◆ WHAT YOU ARE ASKED TO DO:
Start with the line that holds "本革製 ウエスタン ガンベルト ダブルホルスター". Please copy it and each remaining line below exactly, leaving pictures out.

[Captioned web images]
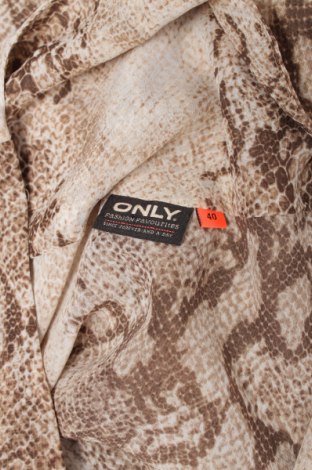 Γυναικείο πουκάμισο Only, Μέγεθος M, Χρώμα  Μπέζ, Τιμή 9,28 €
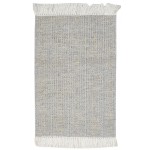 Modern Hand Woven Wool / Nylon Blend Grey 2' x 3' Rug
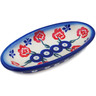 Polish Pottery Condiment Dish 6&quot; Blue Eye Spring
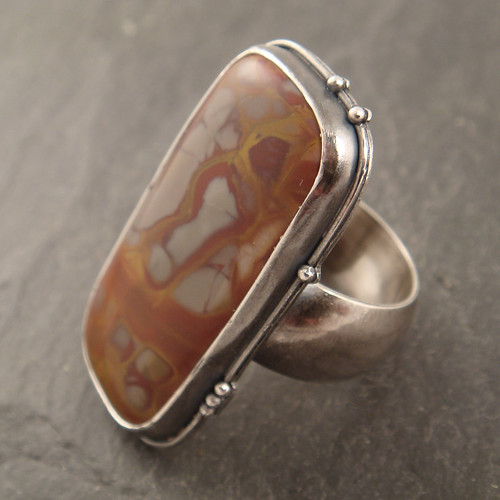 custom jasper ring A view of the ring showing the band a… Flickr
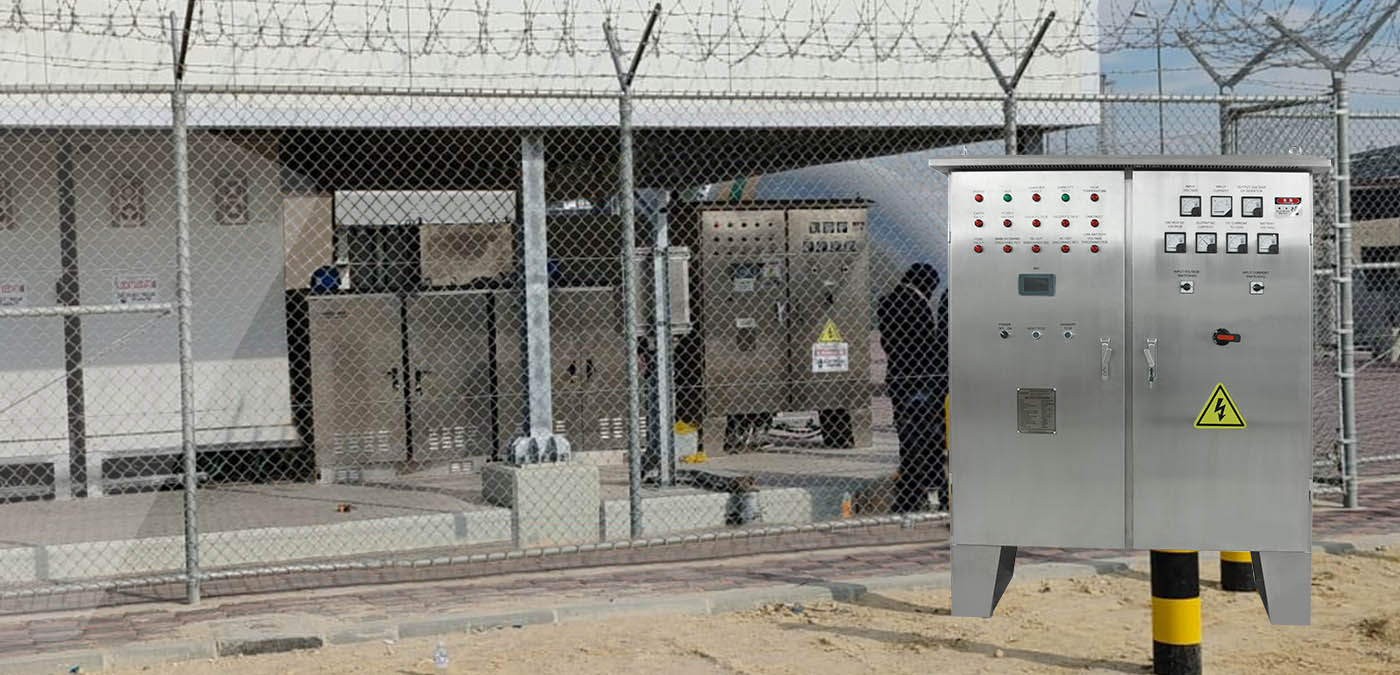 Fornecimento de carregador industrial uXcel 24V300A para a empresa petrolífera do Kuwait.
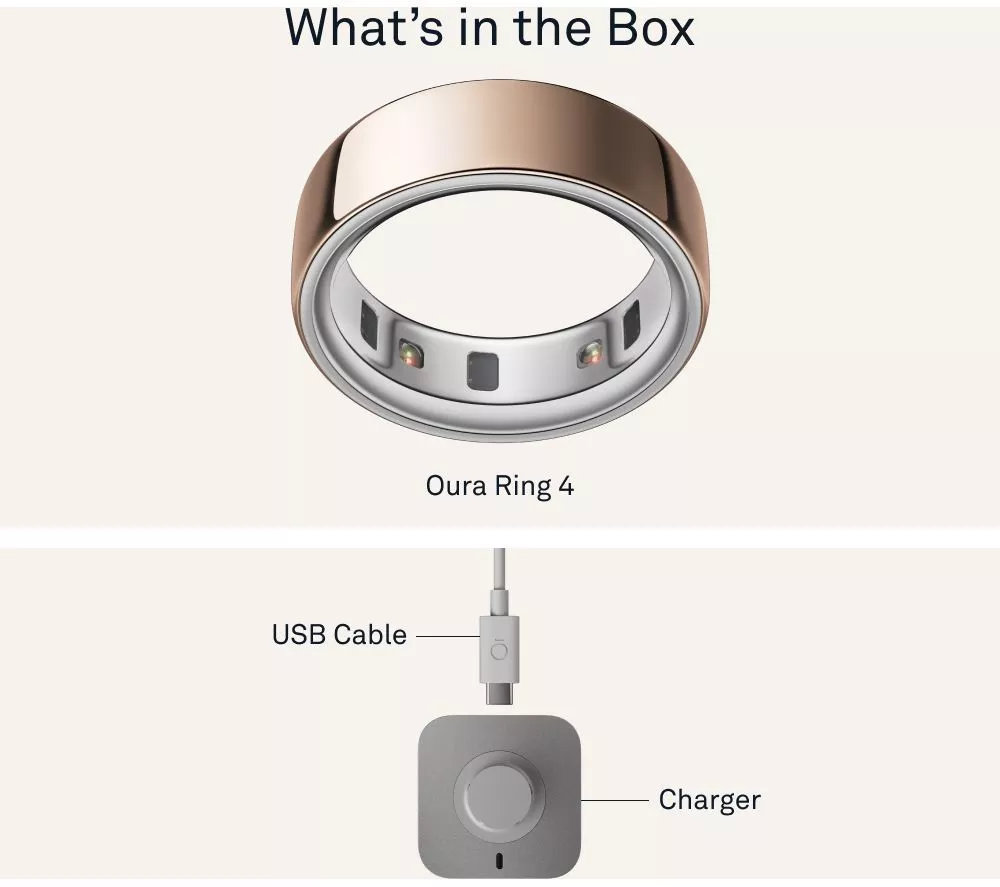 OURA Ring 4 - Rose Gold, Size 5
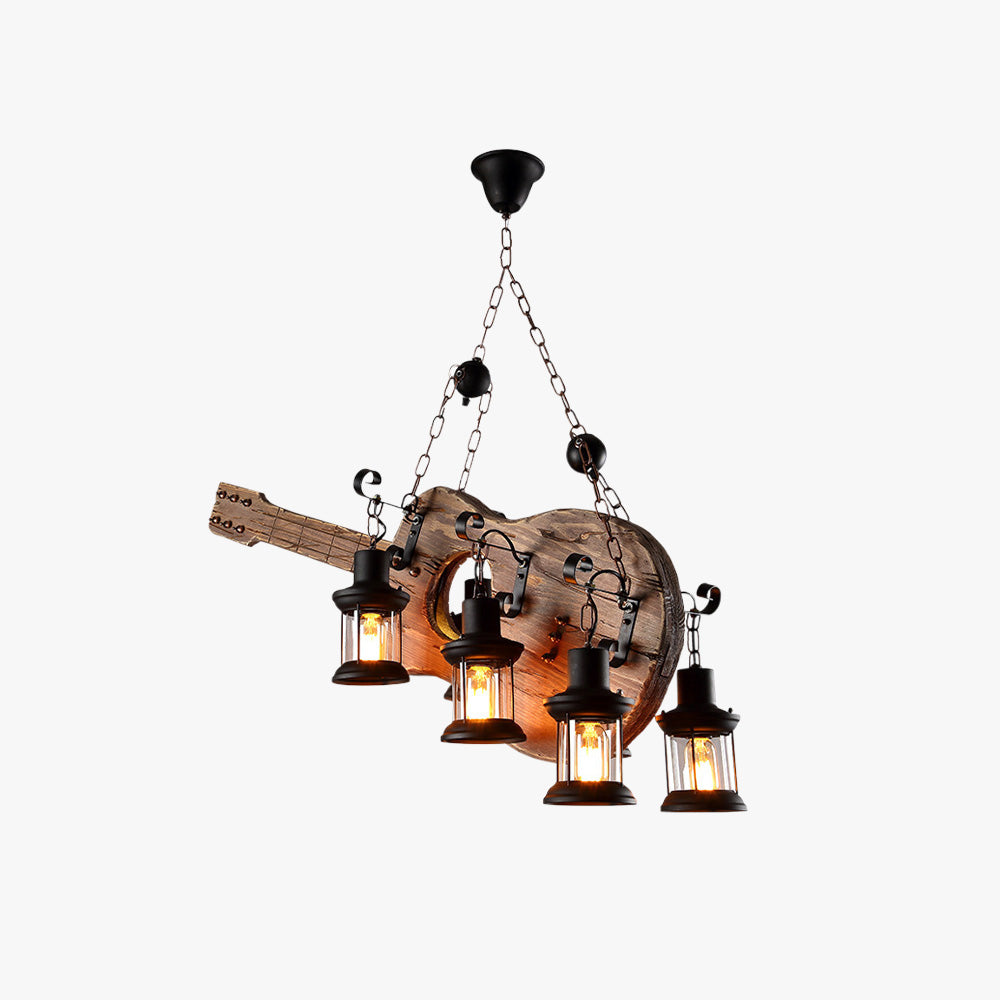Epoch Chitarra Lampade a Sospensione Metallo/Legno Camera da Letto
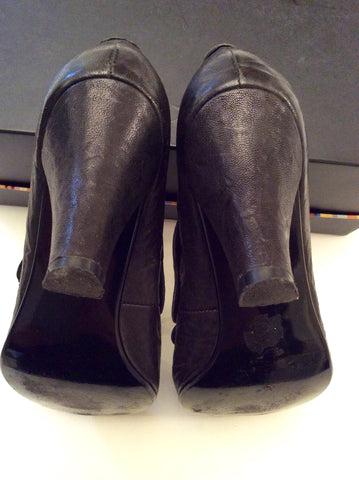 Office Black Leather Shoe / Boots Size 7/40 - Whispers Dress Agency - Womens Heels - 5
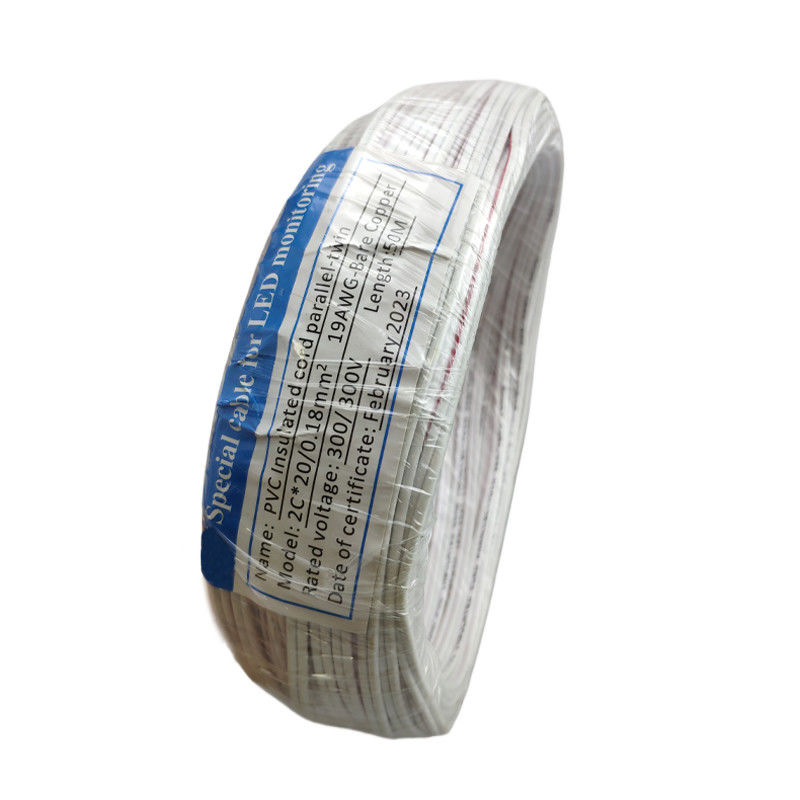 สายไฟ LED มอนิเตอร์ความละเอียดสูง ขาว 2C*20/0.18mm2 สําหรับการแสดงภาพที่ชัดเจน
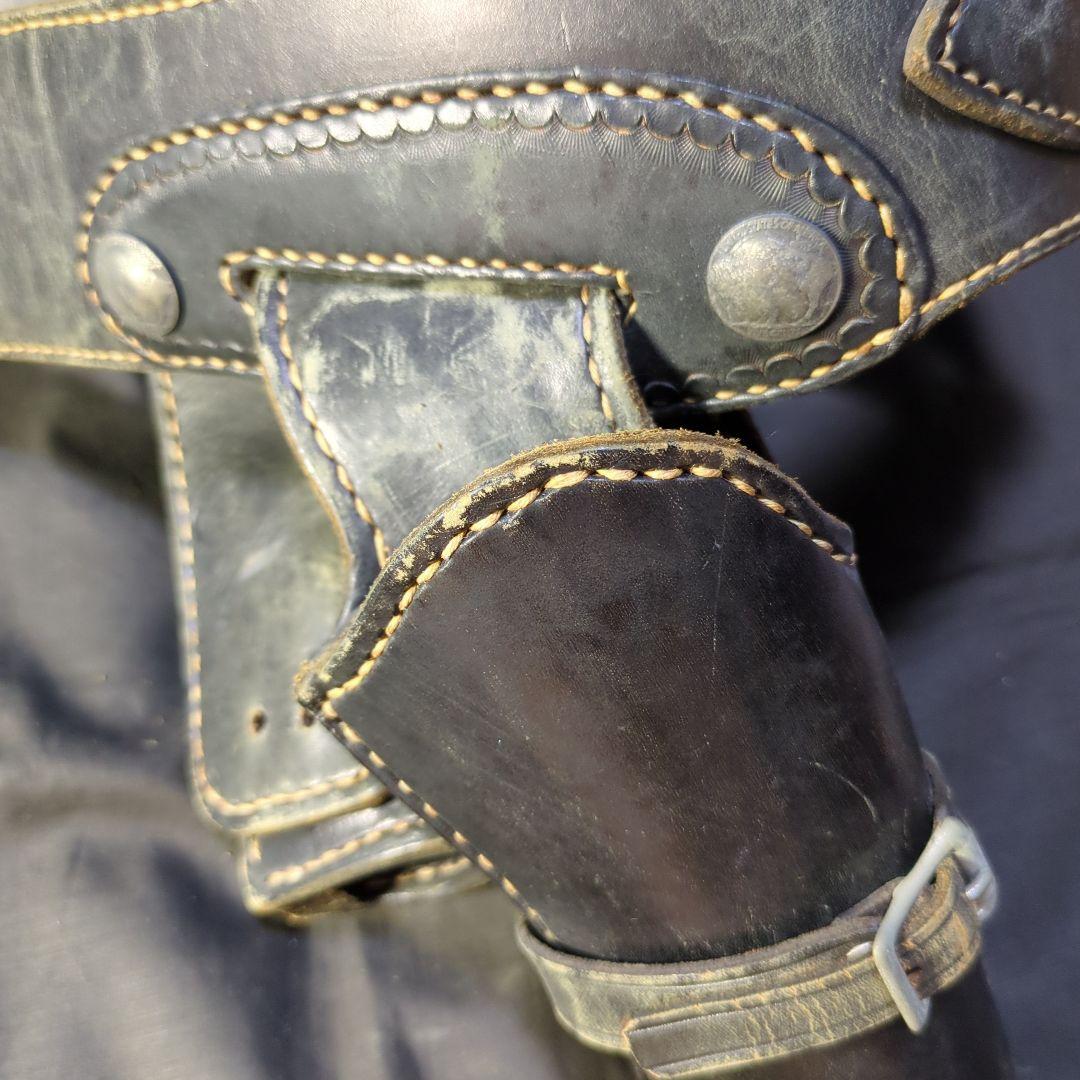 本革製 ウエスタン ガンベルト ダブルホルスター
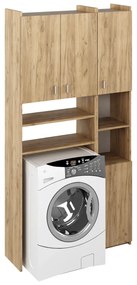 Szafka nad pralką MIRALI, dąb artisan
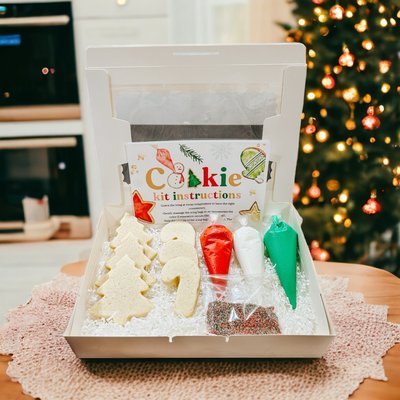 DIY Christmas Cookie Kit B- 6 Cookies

◆ THE ANSWER:
 本革製 ウエスタン ガンベルト ダブルホルスター
 Szafka nad pralką MIRALI, dąb artisan
 DIY Christmas Cookie Kit B- 6 Cookies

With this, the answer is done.